# Find the general solution to the ODE…

I've been attempting to solve this ODE the past few days: $$(1): [e^{-x^2}u'(x)]' = u(x) + xu'(x).$$ What I did was differentiate the left hand side and move things around a bit to obtain $$(2):e^{-x^2}u''(x) - [2x*e^{-x^2} + x]u'(x) - u(x) = 0.$$ We can see that we are dealing with a homogenous second-order linear differential equation. The problem: I simply just don't know how to solve this. Observing the equation, Cauchy-Euler is not possible. Since we're not dealing with constant coefficients, Principle of Superposition doesn't work as is. And, since this equation is homogenous, we cannot use the method of Undetermined Coefficients or Variation on Parameters.

I've attempted to to use v-substitution on (1), setting v(x)=u'(x), but this just hit dead ends.
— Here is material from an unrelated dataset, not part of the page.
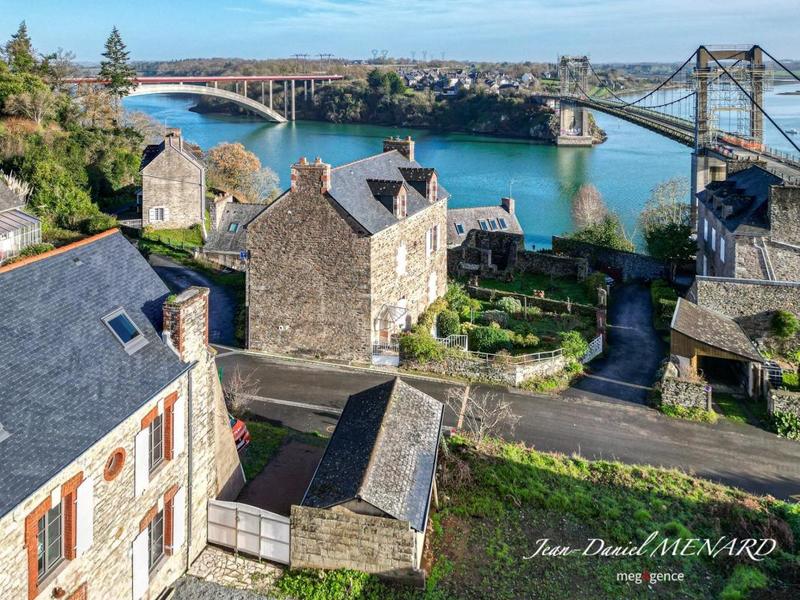 Maison en pierre - 110 m² - 4 pièces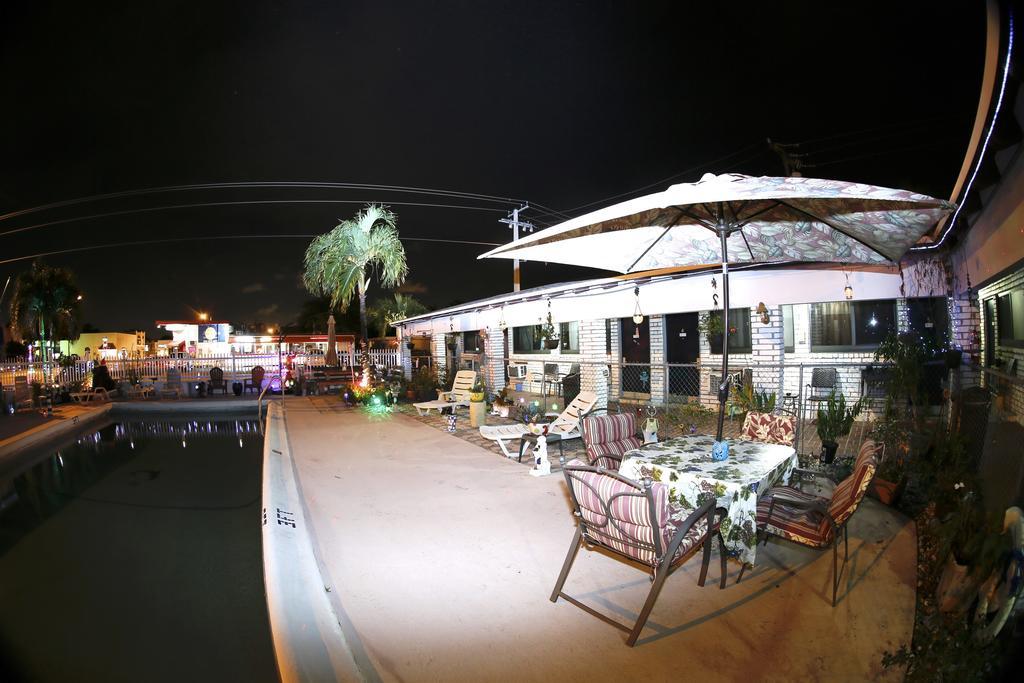 Adobe Hacienda Motel Голливуд Экстерьер фото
I came to a solution that I realized was absolutely preposterous (I had forgotten v was a function of x and integrated incorrectly so I got a very wonky answer). Anyone able to give a hand?

• Can you check the equation $(1)$? – Valerin May 31 '14 at 3:08
• Is $u'+xu'$ or $u+xu'$? – Valerin May 31 '14 at 3:11
• Thank you for the heads up. Just fixed the equation. – user30625 May 31 '14 at 3:11
• it's supposed to be u + xu' – user30625 May 31 '14 at 3:11
• I think your equation is easy to solve :) – Valerin May 31 '14 at 3:16

Hint: The right hand side is precisely $(ux)'$ then integrating both sides we have $$e^{-x^2}u'=ux+C$$ can you continue the problem from here?